Sariwangi (stylized as SariWangi) is an Indonesian tea brand currently owned by Savoria. The brand name literally means 'fragrant essence' in Indonesian. Sariwangi was the first Indonesian tea brand to be packaged in bags, as opposed to the more traditional loose serving. This practical way of serving tea caught on with Indonesian consumers, and with Unilever's acquisition of the brand in 1989 (starting 2026 acquired by Djarum under the food and beverage division Savoria Kreasi Rasa), Sariwangi remained as the largest tea brand in Indonesia.

==History==
Johan Alexander Supit from Tondano, Indonesia, founded PT Sariwangi in 1964. He used his previous experiences working in other tea companies such as Peek, Frean & Co. Ltd and Joseph Tetley & Company to build his own tea exporting company. It is from these companies that Supit gained the technology for packaging tea in bags, which was uncommon then in Indonesia. In 1972, this novel packaging immediately became a success, and for nearly two decades, Sariwangi dominated the Indonesian tea market.

===Unilever acquisition===
In 1989, Unilever acquired the Sariwangi brand, although Supit remained as its major tea supplier through another company, PT Sariwangi Agricultural Estate Agency. Since 2015, however, PT Sariwangi AEA encountered financial problems and in late October 2018, it was declared bankrupt by the Central Jakarta Commercial Court. The Sariwangi brand was produced and sold by PT Unilever Indonesia.

===Djarum acquisition===
The Djarum Group, through its subsidiary, PT Savoria Kreasi Rasa, has agreed to purchase the Sariwangi tea business unit from PT Unilever Indonesia Tbk (UNVR).

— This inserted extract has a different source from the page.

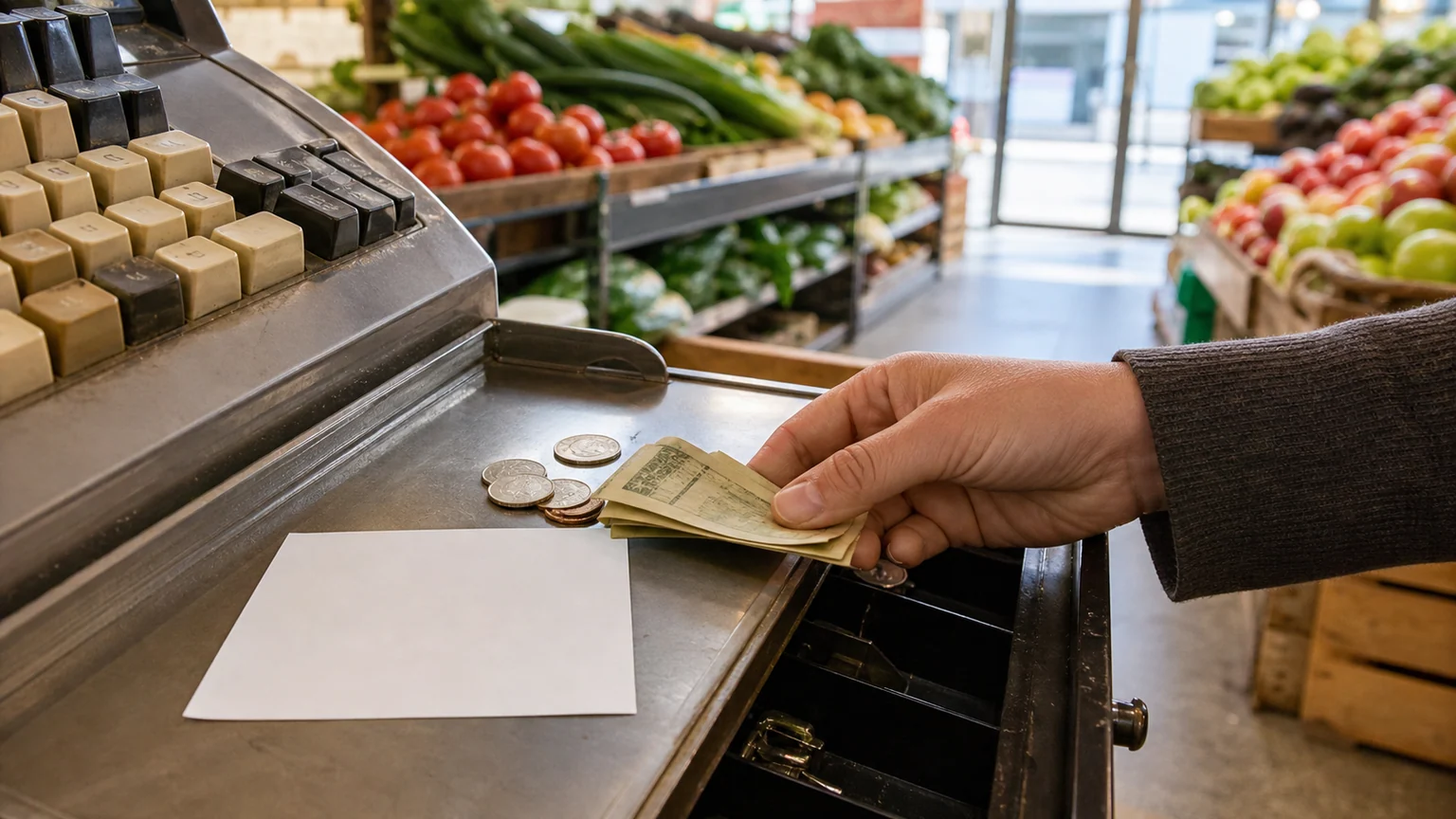 Inflation PCE américaine — main réglant des courses avec des billets verts et des pièces à la caisse d’un commerce de quartier aux États-Unis.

The purchase of the Sariwangi tea business is valued at IDR 1.5 trillion, agreed by both parties through the signing of a Business Transfer Agreement (BTA). The transaction was completed on 2 March 2026 after all closing documents were executed and full payment was received.

An independent valuation of the Sariwangi tea business unit was conducted by the Public Appraisal Services Office of Suwendho Rinaldy & Associates, which determined the market value at approximately IDR 1.48 trillion.